This book is intended for DevOps professionals with some software development experience who want to scale, automate, and shorten software delivery time to market.
Chapter 1, Introduction to DevOps, walks you through the evolution from the past to what we call DevOps today, and the tools that you should know in this field. Demand for people with DevOps skills has been growing rapidly over the last few years. DevOps practices have accelerated software development and delivery speed, as well as helping business agility.
Chapter 2, DevOps with Containers, helps you learn the fundamentals of working with containers. With the increasing trend toward microservices, containers are a handy and essential tool for every DevOps practitioner because of the agility they bring to managing heterogeneous services in an uniform way.
Chapter 3, Getting Started with Kubernetes, explores the key components and API objects in Kubernetes, and how to deploy and manage containers in a Kubernetes cluster.
Chapter 4, Managing Stateful Workloads, describes pod controllers for different workloads, along with the volume management feature for maintaining the state of an application.
Chapter 5, Cluster Administration and Extension, navigates you through the access control features of Kubernetes, and looks at the built-in admission controllers that provide finer granularity of control over your cluster. Furthermore, we'll also learn how to build our own custom resource to extend the cluster with customized features.

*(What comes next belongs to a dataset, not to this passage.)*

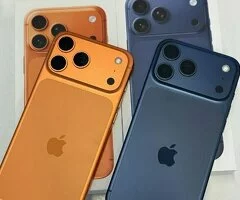 Apple iPhone 17 Pro Max, iPhone 17 Pro, iPhone 17, iPhone Air , iPhone 16 Pro Max, 16 Pro, iPhone 16 - 3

Chapter 6, Kubernetes Network, explains how default networking and routing rules work in Kubernetes. We'll also learn how to expose HTTP and HTTPS routes for external access. At the end of this chapter, the network policy and service mesh features are also introduced for better resiliency.
Chapter 7, Monitoring and Logging, shows you how to monitor a resource's usage at the application, container, and node levels using Prometheus. This chapter also shows how to collect logs from your applications, the service mesh, and Kubernetes with Elasticsearch, Fluent-bit/Fluentd, and the Kibana stack. Ensuring the service is up and healthy is one of the major responsibilities of DevOps.
Chapter 8, Resource Management and Scaling, describes how to leverage the core of Kubernetes, the scheduler, to scale the application dynamically, thereby efficiently utilizing the resources of our cluster.
Chapter 9, Continuous Delivery, explains how to build a continuous delivery pipeline with GitHub/DockerHub/TravisCI. It also explains how to manage updates, eliminate the potential impact when doing rolling updates, and prevent possible failure. Continuous delivery is an approach to speed up your time-to-market.
Chapter 10, Kubernetes on AWS, walks you through AWS components and explains how to provision a cluster with the AWS-hosted Kubernetes service—EKS. EKS provides lots of integration with existing AWS services. We'll learn how to utilize those features in this chapter.
Chapter 11, Kubernetes on GCP, helps you learn the concept of GCP and how to run your applications in GCP's Kubernetes service offering—Google Kubernetes Engine (GKE). GKE has the most native support for Kubernetes. We'll learn how to administer GKE in this chapter.
Chapter 12, Kubernetes on Azure, describes basic Azure components, such as Azure virtual network, Azure virtual machines, disk storage options, and much more. We'll also learn how to provision and run a Kubernetes cluster with Azure Kubernetes Service.
This book will guide you through the methodology of software development and delivery with Docker containers and Kubernetes using macOS and public cloud services (AWS, GCP, and Azure). You will need to install minikube, AWS CLI, Cloud SDK, and the Azure CLI to run the code samples in this book.
You can download the example code files for this book from your account at www.packt.com. If you purchased this book elsewhere, you can visit www.packt.com/support and register to have the files emailed directly to you.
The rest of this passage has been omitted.